For instance, only one in five families in this high net worth (HNW) group have a wealth transfer plan for their assets1, reveals John Elkovich, Prudential Singapore’s head of HNW Solutions. “Many high net worth clients are under-insured; we’re looking into how we can close the gap,” he says.
The situation for Singaporeans is exacerbated as they live longer than most other nationalities.2 Many here are unsure of how to financially manage their extending longevity. For instance, over half of the 1,214 Singapore residents surveyed for Prudential’s Ready for 100 research report said they were not ready to live to 100 years of age from a financial or health perspective, while one-fifth said they were uncertain.

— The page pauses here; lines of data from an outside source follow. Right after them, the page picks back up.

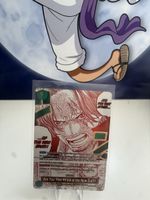 Shanks manga event op 17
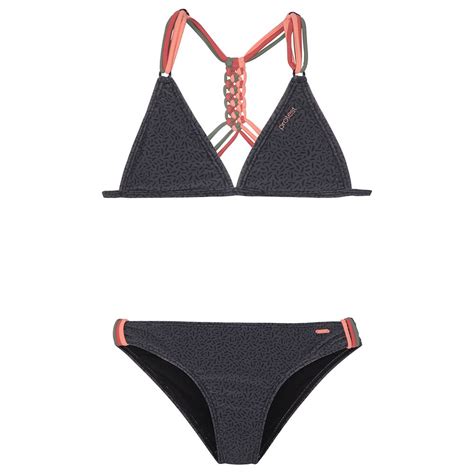 Protest Fimke Triangle Bikini Black Xtremeinn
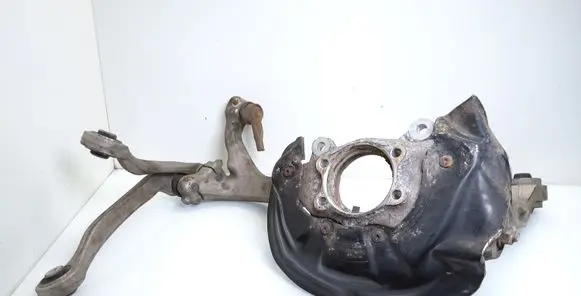 Audi A6 S6 C6 4F Front wheel hub 4F0407241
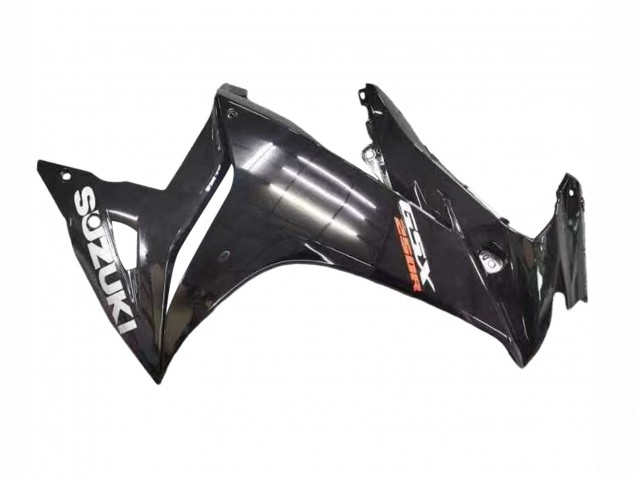 2017-2020 Suzuki GSX250R Motorcycle Fairings - Matte Black Canada Websites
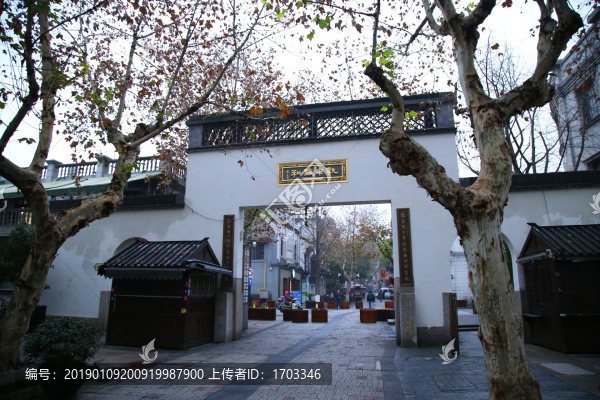 南宋御街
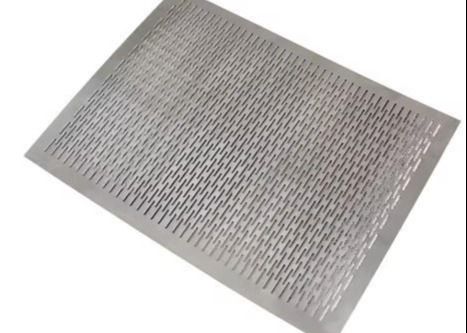 Lớp vỏ lỗ lỗ với độ lọc cao hơn 3 15 mm lỗ lỗ hình lỗ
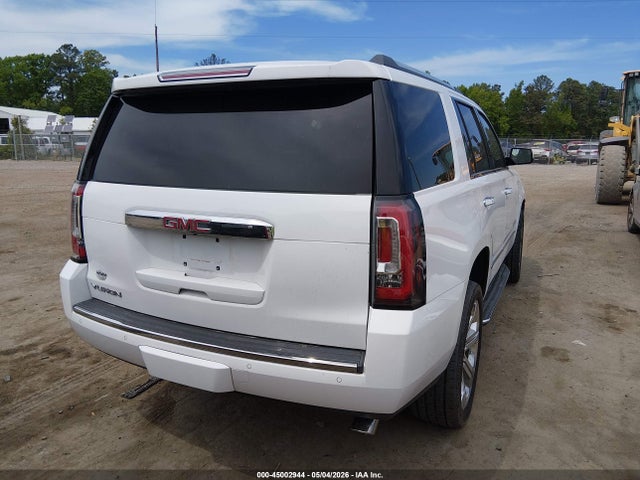 1GKS2CKJ5JR315971 GMC YUKON DENALI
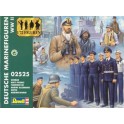 Figurines maquettes Marine allemande 2ème GM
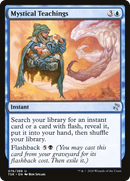 {C} Mystical Teachings [Time Spiral Remastered][TSR 076]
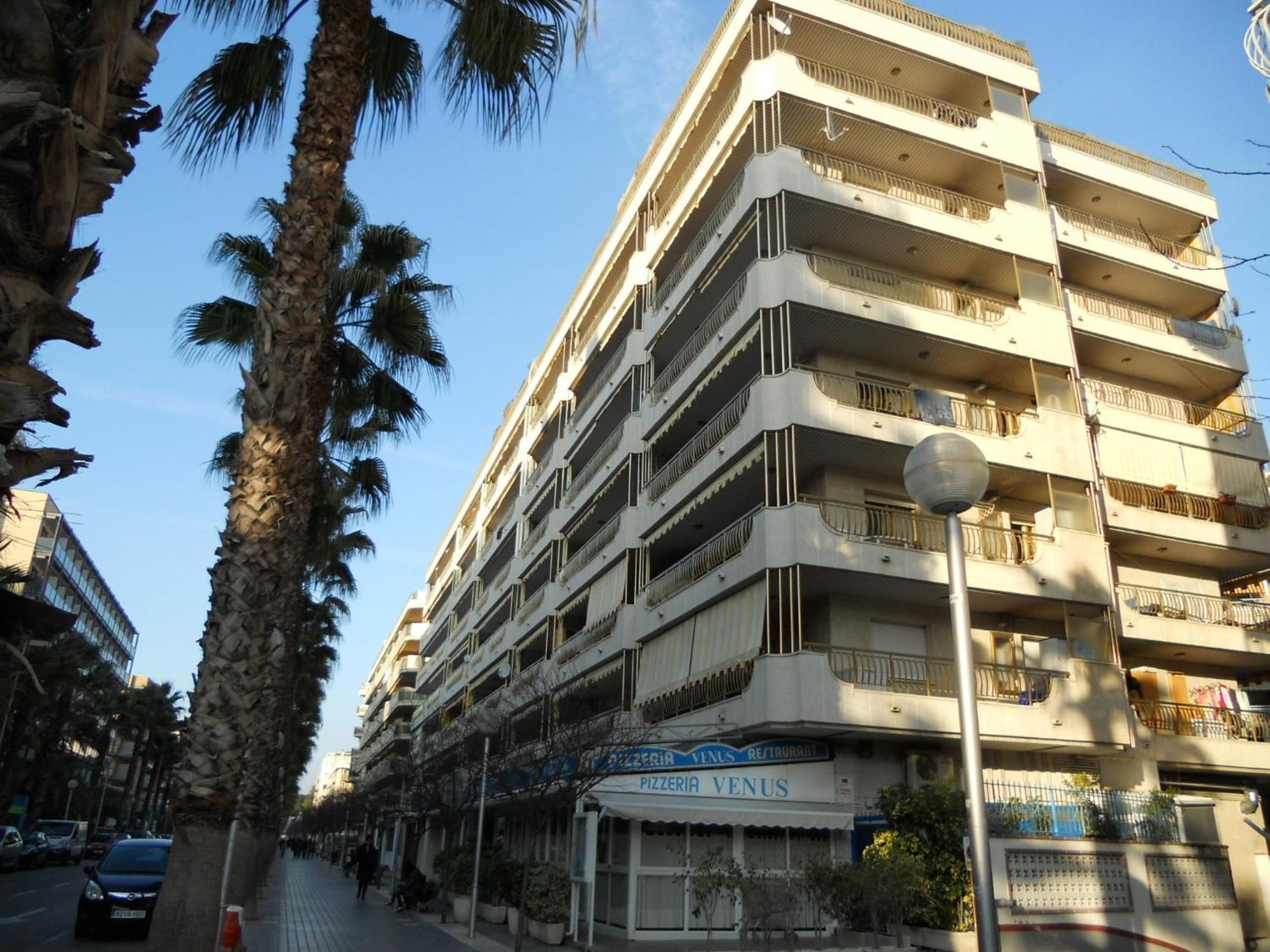 Apartamentos Indasol Salou Zewnętrze zdjęcie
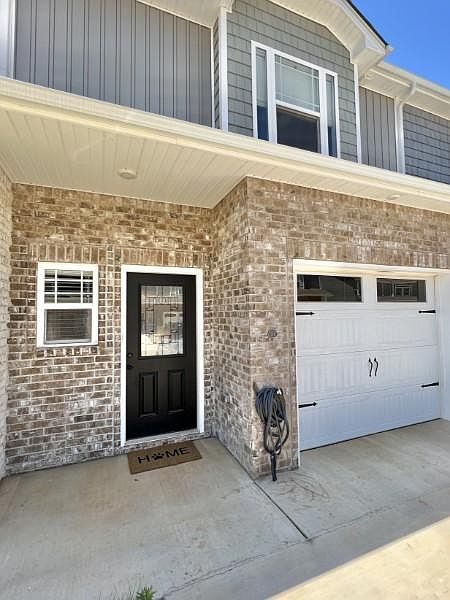 Built in 2021, this comfortable townhome is virtually brand new; it's ready for a tenant who needs a quality space.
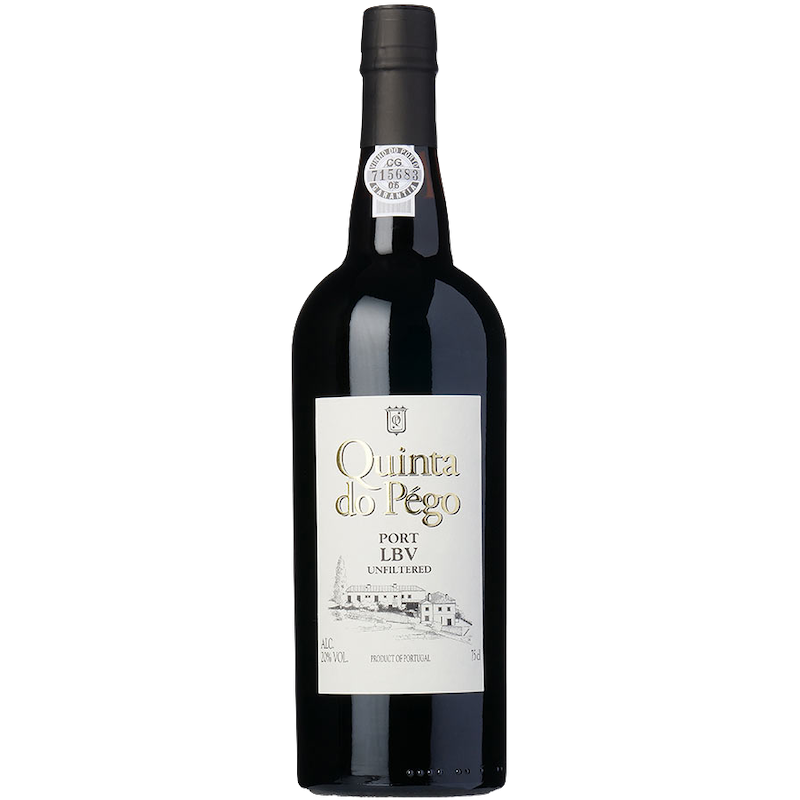 Quinta do Pégo LBV 2014 Quinta do Pégo LBV 2014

“In Singapore, people are living longer, with an average lifespan of 83 years and inching towards 100. Rising longevity means people are going to need a much bigger nest egg for their retirement. Hence, it is important that our solutions are designed to ensure our clients are financially ready to live for longer years and have enough to leave a legacy for their future generations,” explains Mr Elkovich.
Life insurance solutions
The protection needs of HNWIs are varied, ranging from asset and business protection to wealth transfer. For instance, one important but largely ignored aspect of estate planning involves resolving the possible liabilities that may arise as an estate passes from one generation to the next.
Many affluent families have their wealth locked up in illiquid assets such as real estate or businesses. An analysis by the U.S. Federal Reserve Board’s Survey of Consumer Finances showed that the wealthier one gets, the larger the business portion of that person’s net worth.3
As such, beneficiaries of inheritances may not have sufficient liquid assets in the estate to pay off outstanding liabilities; such as personal guarantees, loans or taxes. Such an outcome can adversely impact the value of the estate and disrupt the smooth transfer of assets.
In recent years, more HNW clients have turned to insurance to provide the liquidity they require to address such protection needs.
With the instant liquidity that life insurance offers, HNW families can avoid having to sell off assets at below-market prices to satisfy their liabilities. The funds generated by the policy can also be easily distributed to heirs in an equitable manner; avoiding any potential family conflict that may arise over inheritances.
For instance, in a case where there is a dispute over the estate of a wealthy patriarch after he passes away, an insurance policy naming the children as beneficiaries can satisfy their inheritances without risking the sale of business assets, and avoid straining family ties.
Some of the more popular products available for this purpose are universal life plans (UL) and whole of life (WOL) policies. The choice of insurance product preferred depends on the number of guarantees a client would like to have. In today’s environment, where HNW families are looking for more certainty, a WOL policy can offer guarantees in the form of guaranteed cash values and guaranteed death benefits.
Getting the right advice
To satisfy the complex needs of the HNW segment, Prudential has built a dedicated high net worth offering that was launched in April last year. Branded as Opus, it offers personalised solutions, dedicated service and advisory that goes beyond insurance.
Opus Private Wealth Consultants and Prudential staff at a client event. PHOTO: PRUDENTIAL
Prudential has manned Opus with over 65 Private Wealth Consultants and a team of Wealth Planners to help its clients identify their needs and advise them on protection and transfer solutions. This team is further supported by an external panel of subject-matter experts skilled in the areas of legal and estate planning, tax and business advisory, as well as trust and fiduciary services. Underpinning these advisory services are Prudential’s protection, savings and retirement solutions that customers can use to protect and grow their wealth.
Already, the market has shown that there is demand for such a premium service. In the 11 months since the unveiling of Opus, Prudential’s HNW client base — defined as those with sum insured of at least S$5 million or with a personal net worth of at least S$10 million — has grown by 10 per cent.
Said Mr Elkovich: “By investing in and setting up a high net worth insurance brand, we want to help high net worth families bridge their protection gap and stay adequately prepared to face life’s curveballs.”